An interesting post from MetroDad sparks off a series of thoughts. In it, MD quotes a passage from one of the books presently helping him with his insomnia…
“I have a thing for Dickens. I’m reading his letters at the moment. There are 12 volumes of them, and each one is several hundred pages long. If he’d only written letters, he’d have had a pretty productive life, but he didn’t only write letters. There are four volumes of his journalism. He edited a couple of magazines. He squeezed in an unconventional love life, and a few rewarding friendships. Am I forgetting anything? Oh, yeah: a dozen of the greatest novels in the English language. He’s pretty much the one guy whose life you could look at and think, man, he didn’t mess around.
But there aren’t many people like old Charles. Most humans don’t get to do work that’s going to last. They sell shower curtain rings, like the John Candy character in that movie. (I mean the rings might last. But they’re probably not what people talk about after you’ve gone.) So it’s not about what you do. It can’t be, can it? It has to be about how you are, how you love, how you treat yourself and those around you, and that’s where I get eaten up.”

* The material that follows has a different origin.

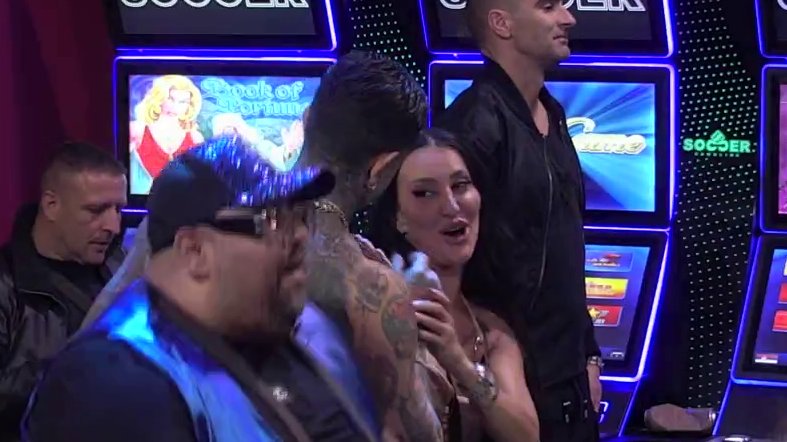 MASKE PADAJU U BELOJ KUĆI: Filip Đukić pokušao da poljubi Slađu Poršelinu, ona mu odolela pred svima (VIDEO)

He goes on to write about how a certain amount of introspection and fantasizing can actually be a good thing…
All I’m saying is that, regardless of one’s station in life, I think it’s healthy to sometimes visualize or fantasize about the life that you want to live. Frequently, this forces you to make extremely tough decisions that seem painful but may ultimately make you much happier.
And then, ends by asking some pretty tough questions…
In all seriousness, do any other parents out there fantasize about how your life would be different without kids or a spouse? If you’re single or childless, are you living your life how you’d imagined? Why or why not?
Sure, we all have fantasies about living a different Life… whether or not we have kids! So often, we hear well-meaning grown-ups advise younger friends on how they should make the most of the time they have, especially while they are still young, single or childless. But MD’s questions made me think long and hard about this.
As parents of two adorable little ones, me and the mrs. often talk about our love for Travel, and how we need to make the time for it. In fact, we have just started a new saving fund for our shared passion, now that the kids have reached a more manageable age.
The more I think about it, the more I’m convinced that it’s not a matter of cramming every thing in your life, while you’re still young, single and childless. For one, that phase won’t last the rest of your life. Besides, your life-circumstances can change quite rapidly, irrespective of how much you planned to achieve in your younger years.
Every day matters. And it’s up to every one of us to make the most of each moment!
And, if that doesn’t work, there’s always the Batman costume or the Porsche, right?!